With 64-bit double, it's even more accurate. It doesn't stop at 2^(-25), it keeps going for about twice as much. (2^(-48) + 2^(-49) + 2^(-51), maybe?)

Resources

IEEE 754 Converter (32-bit)

Floats and doubles are stored in a binary format that can not represent every number exactly (it's impossible to represent the infinitely many possible different numbers in a finite space).

As a result they do rounding. Float has to round more than double, because it is smaller, so 1.1 rounded to the nearest valid Float is different to 1.1 rounded to the nearest valud Double.

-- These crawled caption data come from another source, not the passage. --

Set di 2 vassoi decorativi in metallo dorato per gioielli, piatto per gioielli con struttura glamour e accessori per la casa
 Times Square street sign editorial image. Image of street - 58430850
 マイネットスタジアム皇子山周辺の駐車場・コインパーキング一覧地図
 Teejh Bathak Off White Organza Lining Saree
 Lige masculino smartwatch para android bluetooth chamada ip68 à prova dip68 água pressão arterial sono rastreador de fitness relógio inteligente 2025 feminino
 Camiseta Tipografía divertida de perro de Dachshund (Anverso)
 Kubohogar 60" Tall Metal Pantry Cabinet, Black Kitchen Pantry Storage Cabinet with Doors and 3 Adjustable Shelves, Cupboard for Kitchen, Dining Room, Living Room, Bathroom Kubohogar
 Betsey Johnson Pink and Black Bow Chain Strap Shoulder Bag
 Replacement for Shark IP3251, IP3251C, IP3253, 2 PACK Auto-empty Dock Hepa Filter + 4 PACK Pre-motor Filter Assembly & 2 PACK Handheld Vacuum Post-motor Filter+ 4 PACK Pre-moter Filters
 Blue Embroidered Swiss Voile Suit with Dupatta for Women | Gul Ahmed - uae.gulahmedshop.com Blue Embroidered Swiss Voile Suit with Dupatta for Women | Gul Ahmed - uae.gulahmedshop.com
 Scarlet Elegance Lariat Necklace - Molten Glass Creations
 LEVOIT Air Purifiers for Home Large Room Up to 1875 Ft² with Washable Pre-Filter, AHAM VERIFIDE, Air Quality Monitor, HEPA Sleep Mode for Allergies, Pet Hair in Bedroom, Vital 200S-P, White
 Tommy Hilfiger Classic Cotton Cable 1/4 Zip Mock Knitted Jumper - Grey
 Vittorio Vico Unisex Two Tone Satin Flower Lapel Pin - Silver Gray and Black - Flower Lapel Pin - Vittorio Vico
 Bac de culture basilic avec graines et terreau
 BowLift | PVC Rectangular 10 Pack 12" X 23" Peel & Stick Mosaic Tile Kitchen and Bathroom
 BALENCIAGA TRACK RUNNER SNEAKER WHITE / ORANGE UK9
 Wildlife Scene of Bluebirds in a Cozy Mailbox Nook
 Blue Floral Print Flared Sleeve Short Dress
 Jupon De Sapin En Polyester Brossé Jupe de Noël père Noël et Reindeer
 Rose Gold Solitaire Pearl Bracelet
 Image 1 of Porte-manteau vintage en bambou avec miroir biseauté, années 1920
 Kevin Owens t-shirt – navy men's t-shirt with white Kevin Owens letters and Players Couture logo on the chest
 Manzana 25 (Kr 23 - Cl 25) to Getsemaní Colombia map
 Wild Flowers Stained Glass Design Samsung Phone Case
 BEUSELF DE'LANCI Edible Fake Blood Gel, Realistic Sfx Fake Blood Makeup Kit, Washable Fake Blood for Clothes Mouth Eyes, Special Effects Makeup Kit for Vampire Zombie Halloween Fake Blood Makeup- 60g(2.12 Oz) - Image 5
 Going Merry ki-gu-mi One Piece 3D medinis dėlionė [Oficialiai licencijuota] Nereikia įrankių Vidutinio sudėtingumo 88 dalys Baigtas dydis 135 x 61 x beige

To see what numbers are valid floats and doubles see Floating Point

Try running this code, the results will make the reason obvious.

#include <iomanip>
#include <iostream>

int main()
{
  std::cout << std::setprecision(100) << (double)1.1 << std::endl;
  std::cout << std::setprecision(100) << (float)1.1 << std::endl;
  std::cout << std::setprecision(100) << (double)((float)1.1) << std::endl;
}

The output:

1.100000000000000088817841970012523233890533447265625
1.10000002384185791015625
1.10000002384185791015625

Neither float nor double can represent 1.1 accurately. When you try to do the comparison the float number is implicitly upconverted to a double. The double data type can accurately represent the contents of the float, so the comparison yields false.

Generally you shouldn't compare floats to floats, doubles to doubles, or floats to doubles using ==.

The best practice is to subtract them, and check if the absolute value of the difference is less than a small epsilon.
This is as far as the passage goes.